Monday, Jun. 13, 1938
For Britons Only
Virtually certain to win a future Nobel Peace Prize award would be the statesman-conjurer who could persuade both sides of the 23-month-old Spanish Civil War to lay down their arms and peacefully mediate their differences. Last week Great Britain's peace-talking Prime Minister, Neville Chamberlain, slyly let it be known through "authoritative" sources that he was considering waving a magic wand in that direction.
Mediator Chamberlain was represented as believing it possible: 1) that Fiihrer Adolf Hitler and II Duce Benito Mussolini would persuade Generalissimo Francisco Franco to talk matters over with his enemies; 2) that French Premier Edouard Daladier could press Spanish Leftist Premier Juan Negrin to declare a truce; 3) that Leftists and Rightists would agree to a government of Spain formed by "neutral" Spaniards in which Catalonia would remain autonomous.
To students of the British Prime Minister's "realistic" policy, Mr. Chamberlain's notions were something less than realistic. Neither Germany's Hitler nor Italy's Mussolini showed any interest in the plan; France's Quai d'Orsay remained understandably silent. Unmentioned anywhere were "neutral" Spaniards qualified to run the country.
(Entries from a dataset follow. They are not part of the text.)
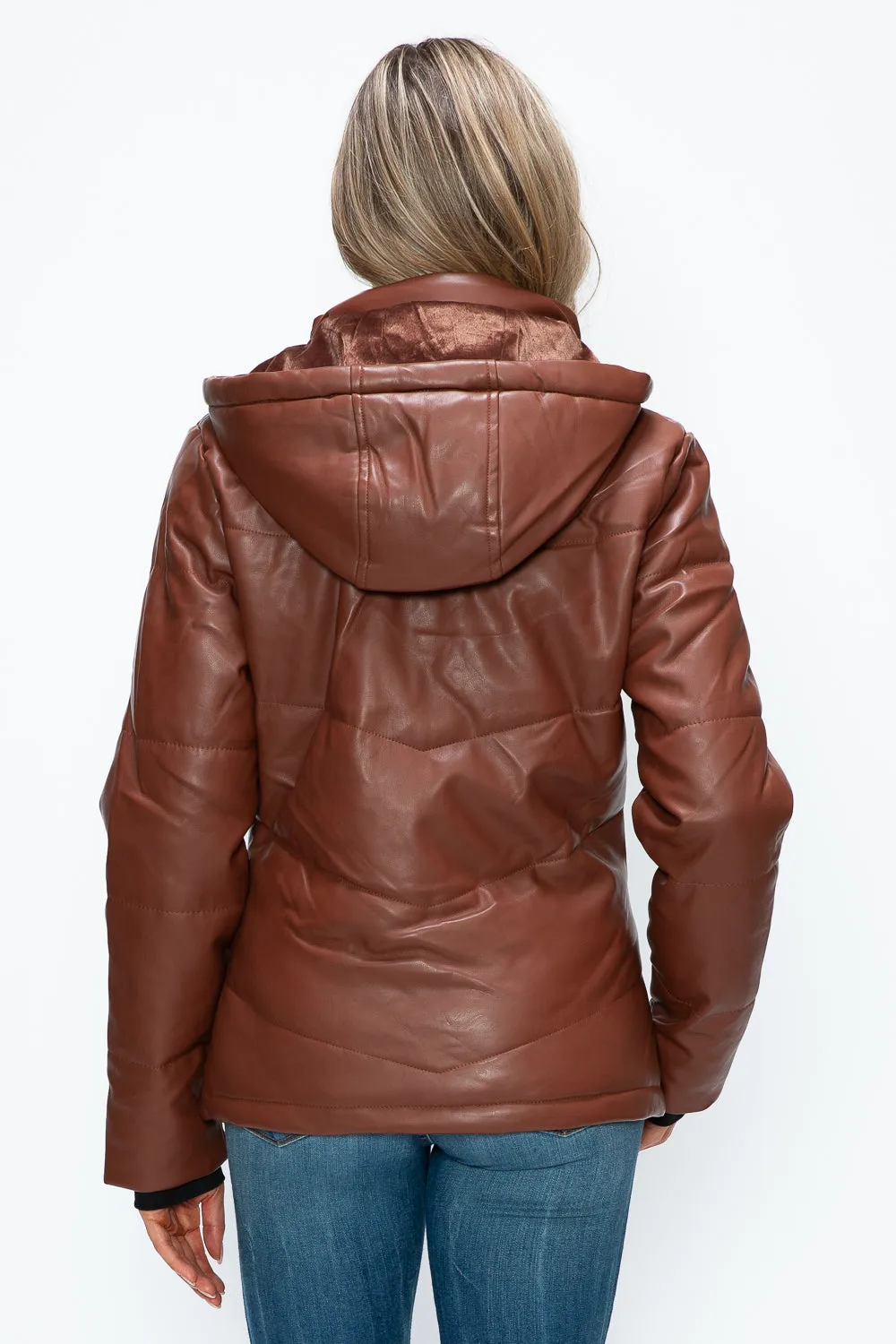How Dare U Pocketed Zip Up Puffer Jacket with Removable Hood sold by Charming Charlie product image thumbnail 2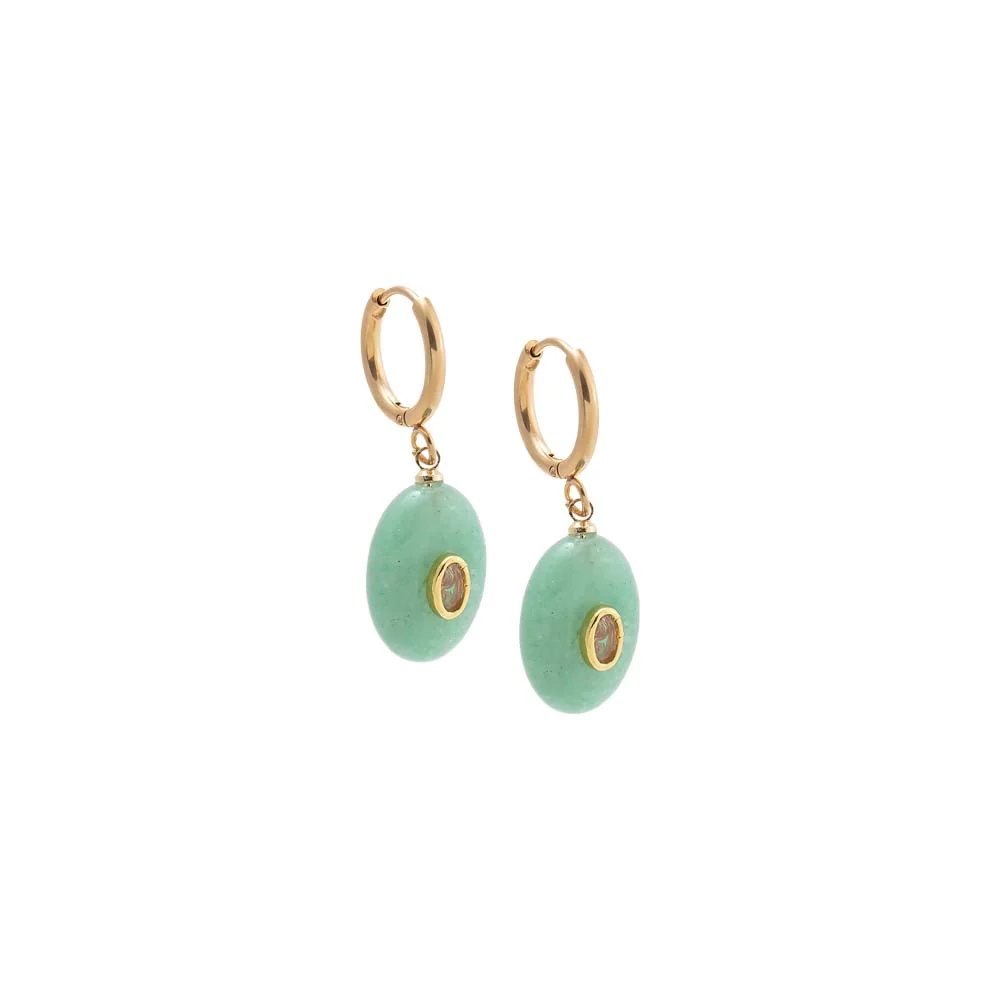 Oval Charm Bezel Natural Stone Drop huggie Earrings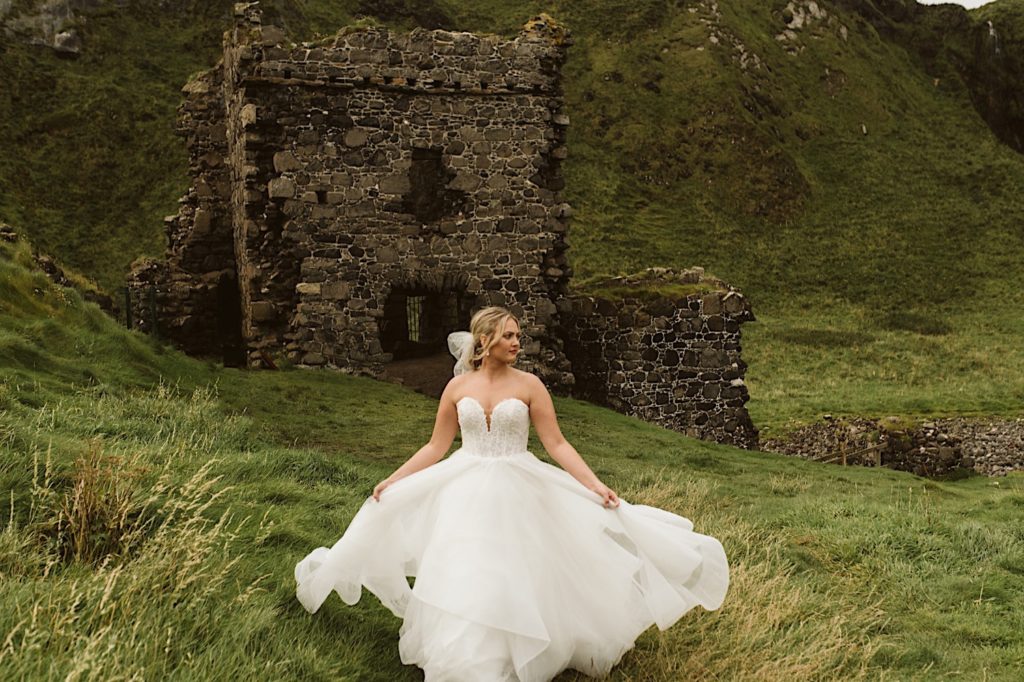 Indigo Lace Collective, One Fine Day Bridal and Gown Boutique, Kinbane Castle, Castles in Ireland, Kinbane Castle Ireland, Northern Ireland, Northern Ireland Wedding, Ballgown Wedding Dress, Bridal hair, Bridal Ponytail, Bridal Hairpiece, Bride Accessories, Bridal Look Inspiration, Elopement Inspiration, Elopement Destination, Ireland Wedding Photography, Ireland Photographer, Northern Ireland Wedding, Northern Ireland Photographer, Wedding Dress Inspiration, Unique Wedding Dress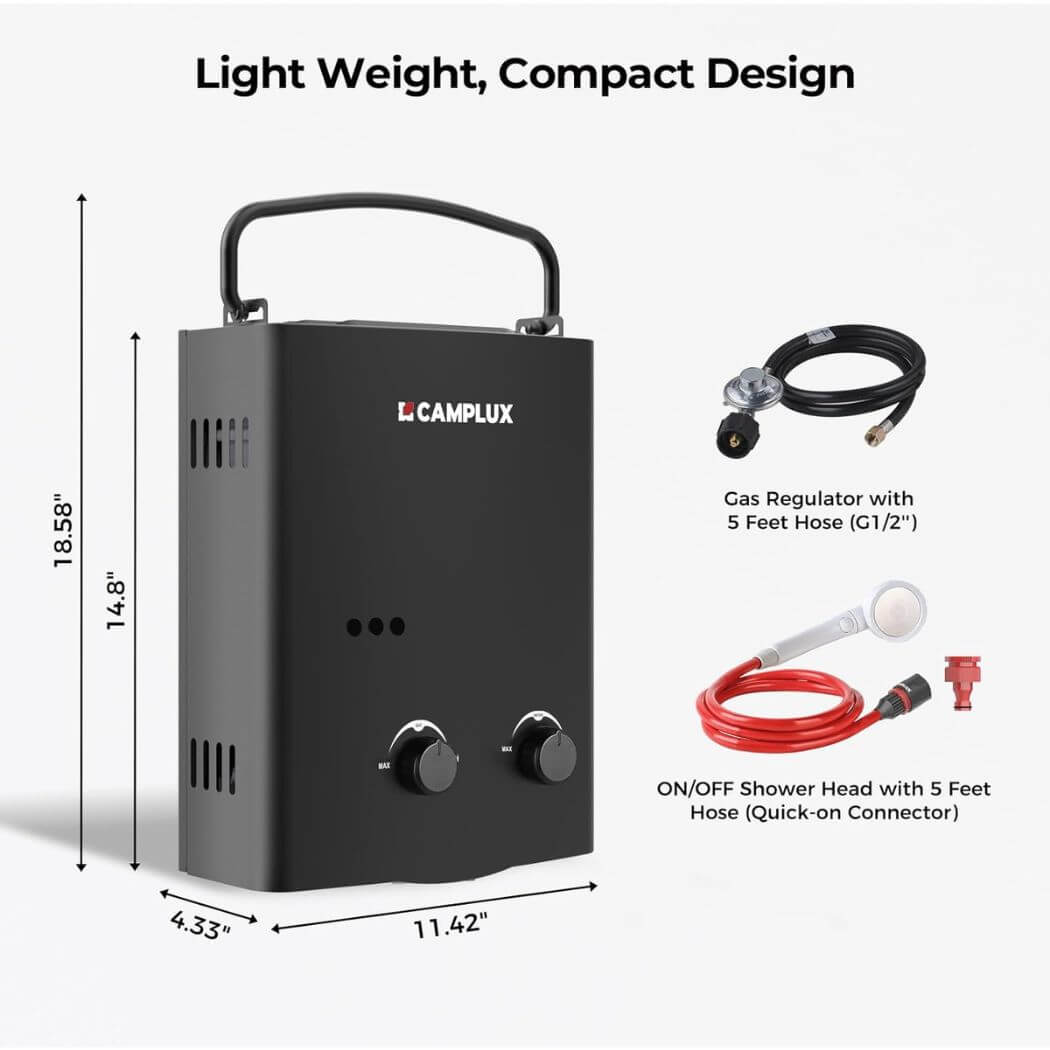 Camplux AY132B Portable Propane Water Heater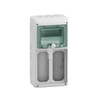 Schneider 13186 Mureva IP65 ant paviršiaus montuojamas 1x8 skirstomasis įrenginys, skirtas prijungti gMRV-1-8-NT-T/10 lizdus 2 skylės 103x225mm 13186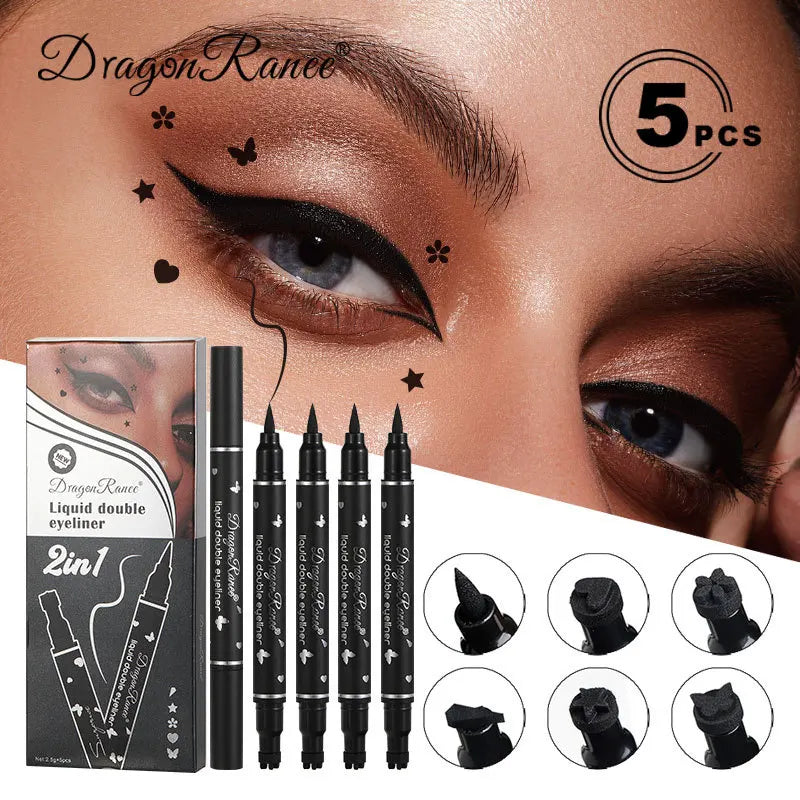 Dragon Ranee 5pcs Double-Ended Star Stamp Eyeliner Love Plum Lazy Stamp Waterproof Long Lasting Colorful Eyeliner Set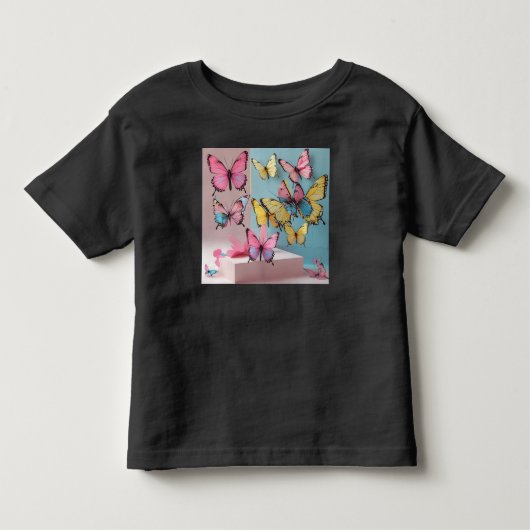 夢の水彩蝶々Tシャツ（幼児用） トドラーTシャツ (正面)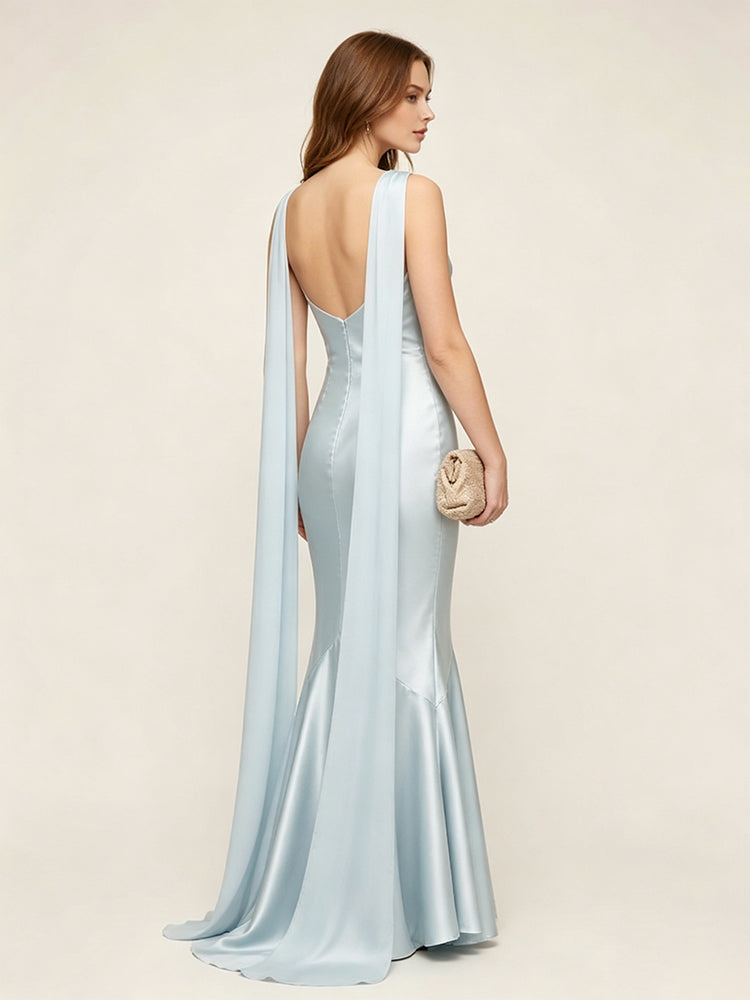 Satin Mermaid Boat Neck Long Evening Dresses with Sash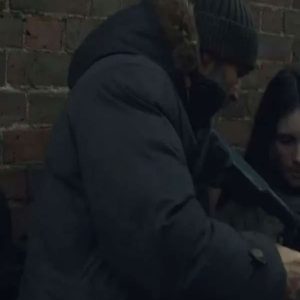 Movie Shelter 2026 Jason Statham Grey Parka Hooded Coat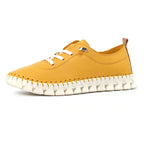 St Austell Yellow Leather Plimsoll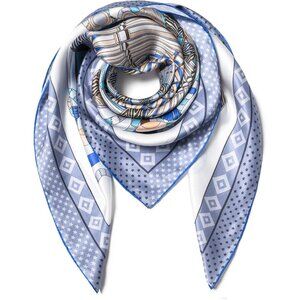 Mulberry Silk Blue-4 Scarf 43 Inch Large Square Shawl Womens Oversized Headband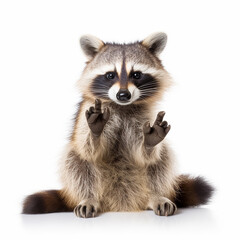 Fototapeta premium funny raccoon showing a rock with it fingers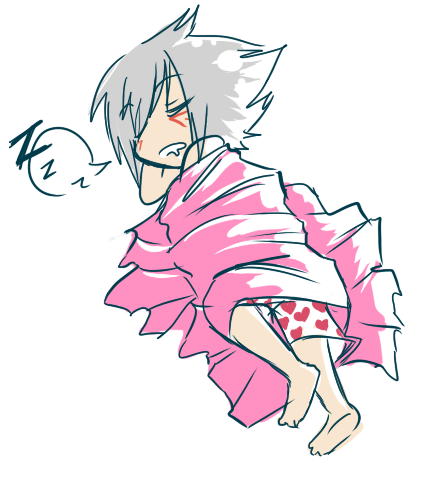 la-blanc, haseo, haseo (.hack//), .hack//, .hack//g.u., bandai, cyber connect 2, bad deviantart id, bad id, lowres, 00s, 1boy, barefoot, blanket, boxers, chibi, grey hair, heart, male focus, male underwear, sketch, sleeping, solo, underwear, zzz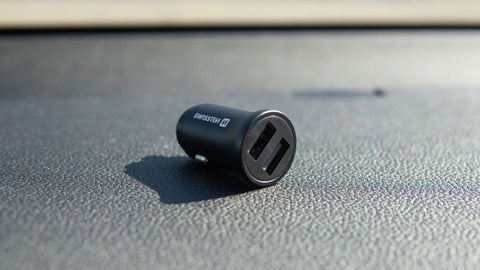 Swissten 4.8A Dual Port Car Charger - 20115000BOX - For CDU Box - Black
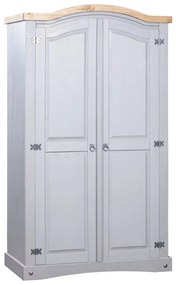 282619 vidaXL Roupeiro Corona Range pinho mexicano com 2 portas cinzento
Mildly irritating at times even to his loyal half-sister-in-law, Lady Austen Chamberlain, widow of the late Secretary of State for Foreign Affairs Sir Austen Chamberlain (see cut), the Prime Minister's mediation talk taxed the patience of Laborites and Liberals. The whole thing was probably best explained by United Press as a gesture designed to appease the rising ire of the British public and released to a pro-Government press for British consumption only.